Dingle Loop

TEAM CRAZY BIRD scrambled this morning to be out of our rental apartment in Killarney IE by 10 AM. Thanks to teammate Trent's good but wildly optimistic intentions in making us all homemade breakfast, we didn't vacate until 11. Our bus driver, Joe, however, arrived at 10 and we fed him some breakfast while he waited for our disorganized team to get ready.

Joe was an easy going person when it came to TCB shenanigans, although we were fairly well behaved today.

The bus, pulling a trailer full of rented bikes, drove us from Killarney to Dingle on the frighteningly narrow Irish roadways. I occasionally had to close my eyes and breathe deeply when an oncoming large tour bus would hurtle towards us, a bit over the center line. Bus driving in Ireland is not a job I would ever want. But Joe knew what he was doing and we made it to Dingle safely, after a brief detour to Kerry IE Airport to pick up teammate Kevin Eike, who had been horribly delayed and rerouted in his travels, thanks to American Airlines and their failed business model of canceling non-full flights. Sorry for the run on sentence.

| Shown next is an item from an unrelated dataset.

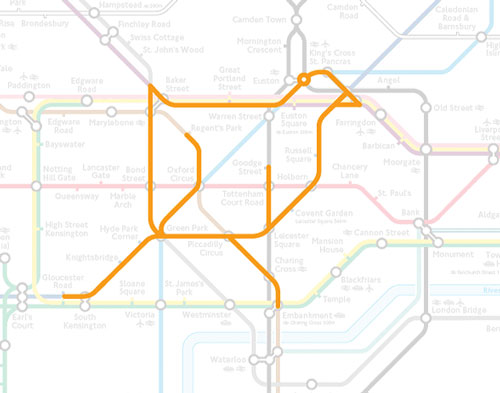 Animals on the Underground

Dingle is a small rural town on the westernmost part of Ireland (and indeed Europe). We biked a loop that, on paper, started and ended in Dingle. Being this was TCB though, we didn't make it the whole way and bus driver Joe retrieved us at a pub called Murphy's (the infamous!) in some nearby town, Ballyferriter IE, I think...I can never remember small towns I pass through on bike rides unless I write them down. This was actually good though, because had we finished the loop we would have had to pedal uphill in a serious headwind and cold rain (claimed Jason). Up until the last pub stop, it had been a tailwind with not many hills. In fact, the wind was so strong it actually literally blew us up some of the smaller hills. At one point when we briefly turned into the wind, it nearly stopped us in our tracks and it was chilly, coming off the North Atlantic Ocean and all.

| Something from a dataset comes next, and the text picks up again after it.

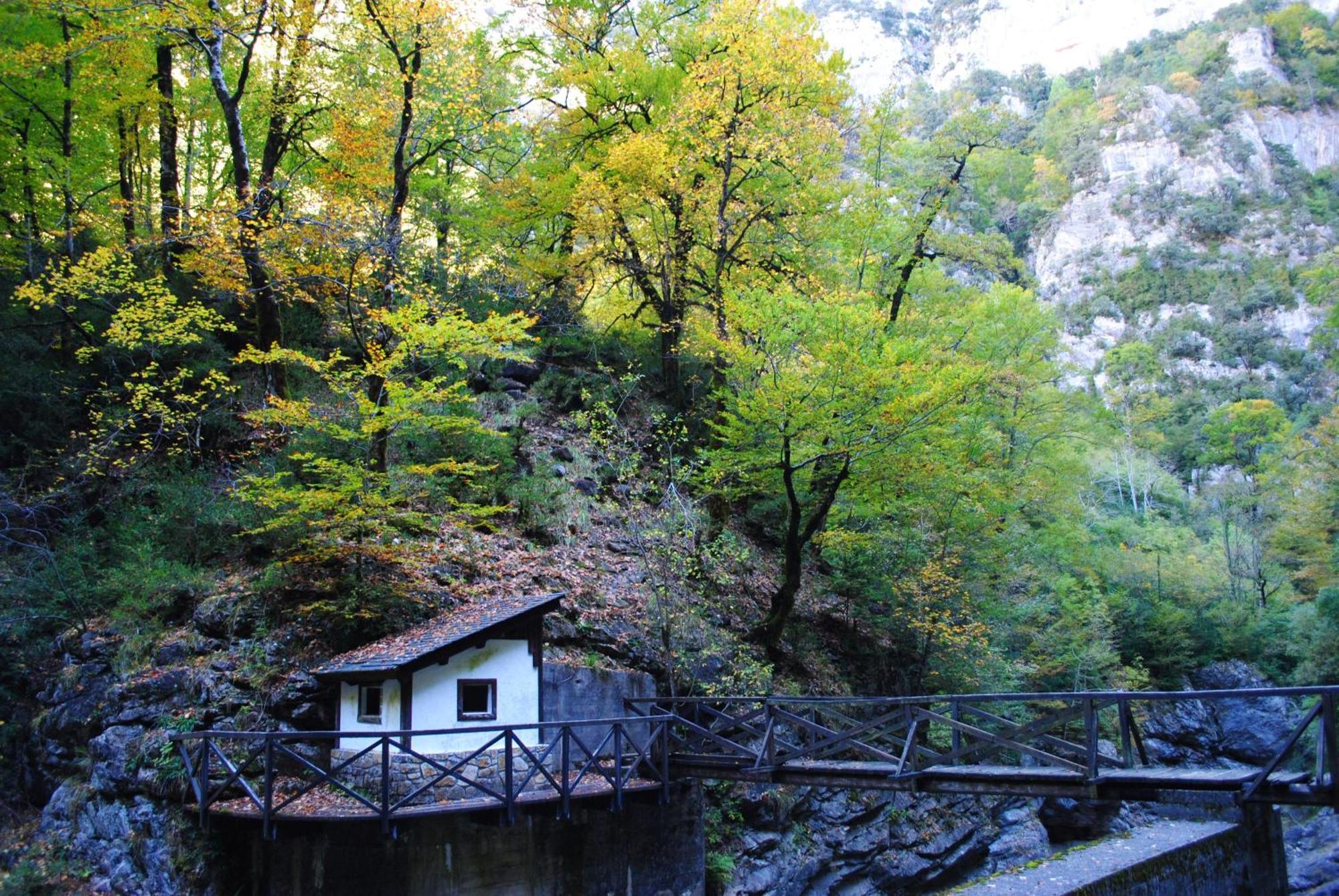 منزل الضيف Belsierre  في Casa Pirinea Ordesa المظهر الخارجي الصورة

The scenery was beautiful. Cliffs everywhere. Fog on the hillside. Actually, the fog was caused by the cold sea breeze pushing up onto the steeply sloped land. As it hit the warmer, moister air over land, water vapor condensed as fog. This was best visualized when we saw some islands off the coast. You could literally see the fog clouds trailing out like smoke from the upwind end of the islands as the wind slammed into the sloping cliffs and rocketed up the sides. It is hard to explain, but it was cool.

We stopped a lot, for both scenery and pubs, which is part of why we failed to complete the loop. The other part was the delay caused by the Kerry Airport detour.

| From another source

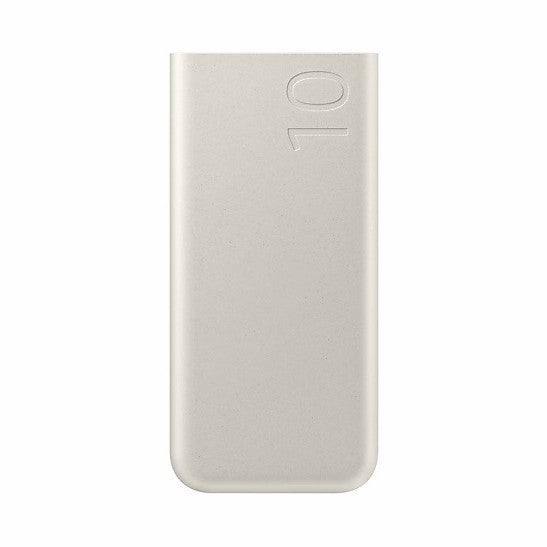 High-capacity dual USB-C PD portable power bank with fast charging and included USB-C cable Stornfield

Just about 200 meters before that last pub, in Ballyferriter (I think), team captain Jason had a fairly significant wipeout on his bike when he hit a raised curb at high speed. He was right in front of me and I saw it all unfold in slow motion. He properly rolled when he fell to avoid serious injury but he got a decent road rash and was shaken up. That is also part of why we stopped when we did, but so was the cold rain that pushed in while we played Left, Right, Center at Murphy's before getting picked up (I won €15!).

We didn't end up getting back to Dingle in the van until after 9 PM and we had to hustle to find food before all the restaurants closed. We ended up eating at a place called the Canteen. I had a hake filet that was quite good. Price wise, it was no Bud's of Dingle, but the portion size satisfied.

After dinner, most of the team went out to party at more pubs, but Jason and I retired to our shared room because he was tired and shaken up by his crash. I also wanted to have some time for a blog post, but I also feel a cold coming on and want to rest.